◆ What is needed: Here is the listing. Report each line in it that contains the string "product".
'''
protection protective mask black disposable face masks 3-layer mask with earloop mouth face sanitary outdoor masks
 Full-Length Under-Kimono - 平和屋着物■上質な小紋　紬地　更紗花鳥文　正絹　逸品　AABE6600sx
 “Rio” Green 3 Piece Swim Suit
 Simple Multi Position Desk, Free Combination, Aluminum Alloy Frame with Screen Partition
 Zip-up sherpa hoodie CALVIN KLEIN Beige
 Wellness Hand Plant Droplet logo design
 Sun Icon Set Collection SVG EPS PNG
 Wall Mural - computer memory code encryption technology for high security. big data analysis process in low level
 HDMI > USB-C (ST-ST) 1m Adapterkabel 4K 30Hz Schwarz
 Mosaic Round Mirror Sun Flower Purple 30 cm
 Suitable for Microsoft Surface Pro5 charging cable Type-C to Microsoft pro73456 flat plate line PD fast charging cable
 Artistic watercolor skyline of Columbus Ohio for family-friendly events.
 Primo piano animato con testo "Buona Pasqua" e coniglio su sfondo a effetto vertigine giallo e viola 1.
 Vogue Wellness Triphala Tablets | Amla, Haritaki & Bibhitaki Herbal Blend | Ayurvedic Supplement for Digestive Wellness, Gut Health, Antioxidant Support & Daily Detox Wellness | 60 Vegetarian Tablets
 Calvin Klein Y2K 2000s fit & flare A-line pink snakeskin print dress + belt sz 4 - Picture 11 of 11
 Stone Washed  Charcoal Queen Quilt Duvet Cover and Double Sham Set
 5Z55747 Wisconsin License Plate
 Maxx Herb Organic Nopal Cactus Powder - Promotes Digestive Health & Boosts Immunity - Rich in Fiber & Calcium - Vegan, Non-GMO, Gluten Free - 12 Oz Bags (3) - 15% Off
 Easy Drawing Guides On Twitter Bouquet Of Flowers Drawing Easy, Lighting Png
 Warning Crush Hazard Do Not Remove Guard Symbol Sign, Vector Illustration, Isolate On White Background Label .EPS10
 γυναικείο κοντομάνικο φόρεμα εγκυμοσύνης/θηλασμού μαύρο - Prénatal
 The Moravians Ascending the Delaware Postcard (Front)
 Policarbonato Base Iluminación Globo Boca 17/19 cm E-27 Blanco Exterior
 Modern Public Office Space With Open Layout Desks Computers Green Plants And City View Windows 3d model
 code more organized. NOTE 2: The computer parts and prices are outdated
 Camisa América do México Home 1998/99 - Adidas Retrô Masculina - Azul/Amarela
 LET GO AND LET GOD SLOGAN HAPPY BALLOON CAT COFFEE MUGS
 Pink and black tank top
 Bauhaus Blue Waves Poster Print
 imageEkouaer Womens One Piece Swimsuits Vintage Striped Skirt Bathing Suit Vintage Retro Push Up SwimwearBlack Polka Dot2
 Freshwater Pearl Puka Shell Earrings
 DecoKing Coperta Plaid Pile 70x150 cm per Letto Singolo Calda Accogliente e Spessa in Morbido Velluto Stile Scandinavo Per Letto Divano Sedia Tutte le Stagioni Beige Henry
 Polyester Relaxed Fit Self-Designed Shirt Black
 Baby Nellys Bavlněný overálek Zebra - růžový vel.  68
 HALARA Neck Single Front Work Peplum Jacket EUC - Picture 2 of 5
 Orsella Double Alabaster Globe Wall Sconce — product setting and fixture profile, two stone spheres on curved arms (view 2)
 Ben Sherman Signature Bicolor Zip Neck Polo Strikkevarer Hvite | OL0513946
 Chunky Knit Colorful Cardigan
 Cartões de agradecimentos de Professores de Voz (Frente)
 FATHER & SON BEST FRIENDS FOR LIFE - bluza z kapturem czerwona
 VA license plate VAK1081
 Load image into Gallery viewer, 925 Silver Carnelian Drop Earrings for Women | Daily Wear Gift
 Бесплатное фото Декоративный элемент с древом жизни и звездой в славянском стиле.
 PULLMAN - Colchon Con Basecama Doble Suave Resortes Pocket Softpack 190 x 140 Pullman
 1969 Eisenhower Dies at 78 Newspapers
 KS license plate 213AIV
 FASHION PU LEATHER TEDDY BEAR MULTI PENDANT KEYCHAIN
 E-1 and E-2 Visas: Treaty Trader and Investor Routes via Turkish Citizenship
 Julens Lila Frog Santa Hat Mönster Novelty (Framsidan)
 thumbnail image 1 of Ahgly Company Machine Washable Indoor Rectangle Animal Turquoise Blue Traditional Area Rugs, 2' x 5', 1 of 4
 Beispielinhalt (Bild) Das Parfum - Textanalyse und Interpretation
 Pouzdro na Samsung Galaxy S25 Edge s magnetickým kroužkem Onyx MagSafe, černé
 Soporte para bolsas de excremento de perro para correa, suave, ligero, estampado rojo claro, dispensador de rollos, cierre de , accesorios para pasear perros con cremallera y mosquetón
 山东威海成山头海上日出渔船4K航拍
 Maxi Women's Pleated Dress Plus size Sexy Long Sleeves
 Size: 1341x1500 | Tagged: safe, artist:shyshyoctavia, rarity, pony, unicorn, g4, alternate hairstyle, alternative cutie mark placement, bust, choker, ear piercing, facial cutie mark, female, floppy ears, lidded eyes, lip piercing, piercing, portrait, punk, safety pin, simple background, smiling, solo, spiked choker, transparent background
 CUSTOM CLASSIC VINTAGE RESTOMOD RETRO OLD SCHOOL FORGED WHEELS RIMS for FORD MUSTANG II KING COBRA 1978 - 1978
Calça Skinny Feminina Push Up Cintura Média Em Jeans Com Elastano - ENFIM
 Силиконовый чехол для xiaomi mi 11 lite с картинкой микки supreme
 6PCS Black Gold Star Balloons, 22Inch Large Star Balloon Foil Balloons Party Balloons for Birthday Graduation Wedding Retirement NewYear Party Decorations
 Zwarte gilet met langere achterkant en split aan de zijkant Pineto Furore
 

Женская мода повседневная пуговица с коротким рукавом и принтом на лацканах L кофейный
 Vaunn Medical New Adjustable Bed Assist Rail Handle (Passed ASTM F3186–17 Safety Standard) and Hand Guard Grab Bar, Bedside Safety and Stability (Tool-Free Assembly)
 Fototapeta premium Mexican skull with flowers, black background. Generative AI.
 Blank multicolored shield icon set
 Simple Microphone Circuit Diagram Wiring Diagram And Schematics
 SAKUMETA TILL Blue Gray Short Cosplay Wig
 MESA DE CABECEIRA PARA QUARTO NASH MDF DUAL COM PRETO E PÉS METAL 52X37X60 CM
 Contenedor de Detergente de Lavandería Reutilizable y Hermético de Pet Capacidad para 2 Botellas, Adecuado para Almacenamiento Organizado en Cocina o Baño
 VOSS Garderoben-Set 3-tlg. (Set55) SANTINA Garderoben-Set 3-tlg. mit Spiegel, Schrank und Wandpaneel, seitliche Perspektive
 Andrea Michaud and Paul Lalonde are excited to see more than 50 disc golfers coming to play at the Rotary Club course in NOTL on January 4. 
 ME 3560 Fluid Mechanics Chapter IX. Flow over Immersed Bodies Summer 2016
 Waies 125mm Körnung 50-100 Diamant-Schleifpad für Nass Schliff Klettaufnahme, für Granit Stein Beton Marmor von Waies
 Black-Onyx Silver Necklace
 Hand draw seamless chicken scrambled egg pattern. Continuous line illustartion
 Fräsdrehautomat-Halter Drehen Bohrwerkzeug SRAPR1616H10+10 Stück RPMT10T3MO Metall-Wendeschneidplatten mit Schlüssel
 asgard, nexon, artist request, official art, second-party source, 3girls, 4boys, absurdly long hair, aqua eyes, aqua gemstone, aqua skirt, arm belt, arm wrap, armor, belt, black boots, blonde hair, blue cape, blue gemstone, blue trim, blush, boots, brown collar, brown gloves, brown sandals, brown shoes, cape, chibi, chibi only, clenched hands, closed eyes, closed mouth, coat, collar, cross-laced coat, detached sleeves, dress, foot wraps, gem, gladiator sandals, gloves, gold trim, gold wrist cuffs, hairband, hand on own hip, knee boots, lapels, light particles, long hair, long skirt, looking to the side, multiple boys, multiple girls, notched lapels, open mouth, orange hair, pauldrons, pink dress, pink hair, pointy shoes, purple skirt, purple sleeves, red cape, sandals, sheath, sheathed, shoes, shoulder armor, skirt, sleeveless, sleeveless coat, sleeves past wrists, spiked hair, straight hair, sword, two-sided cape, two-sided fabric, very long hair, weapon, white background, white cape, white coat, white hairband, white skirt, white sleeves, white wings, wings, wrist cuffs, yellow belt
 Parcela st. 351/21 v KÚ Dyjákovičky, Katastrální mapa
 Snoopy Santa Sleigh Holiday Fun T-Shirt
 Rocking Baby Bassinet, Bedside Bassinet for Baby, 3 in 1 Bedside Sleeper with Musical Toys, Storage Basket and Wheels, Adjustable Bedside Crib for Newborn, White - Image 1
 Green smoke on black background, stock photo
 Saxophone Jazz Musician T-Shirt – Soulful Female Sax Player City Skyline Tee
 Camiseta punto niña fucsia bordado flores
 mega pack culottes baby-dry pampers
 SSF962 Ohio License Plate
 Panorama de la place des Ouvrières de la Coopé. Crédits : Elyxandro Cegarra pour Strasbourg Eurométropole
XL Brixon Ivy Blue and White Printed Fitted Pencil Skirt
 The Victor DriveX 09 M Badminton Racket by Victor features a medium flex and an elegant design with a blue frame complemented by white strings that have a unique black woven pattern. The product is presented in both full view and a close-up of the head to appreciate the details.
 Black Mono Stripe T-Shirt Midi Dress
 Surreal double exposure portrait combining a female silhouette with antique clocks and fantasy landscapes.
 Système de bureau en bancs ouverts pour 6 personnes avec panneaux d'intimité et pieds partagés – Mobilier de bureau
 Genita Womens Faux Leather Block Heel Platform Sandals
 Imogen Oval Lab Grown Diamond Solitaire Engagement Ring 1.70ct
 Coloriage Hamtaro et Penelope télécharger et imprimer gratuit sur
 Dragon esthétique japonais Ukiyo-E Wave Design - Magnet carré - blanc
'''
◆ Solution for this problem:
 Orsella Double Alabaster Globe Wall Sconce — product setting and fixture profile, two stone spheres on curved arms (view 2)
 The Victor DriveX 09 M Badminton Racket by Victor features a medium flex and an elegant design with a blue frame complemented by white strings that have a unique black woven pattern. The product is presented in both full view and a close-up of the head to appreciate the details.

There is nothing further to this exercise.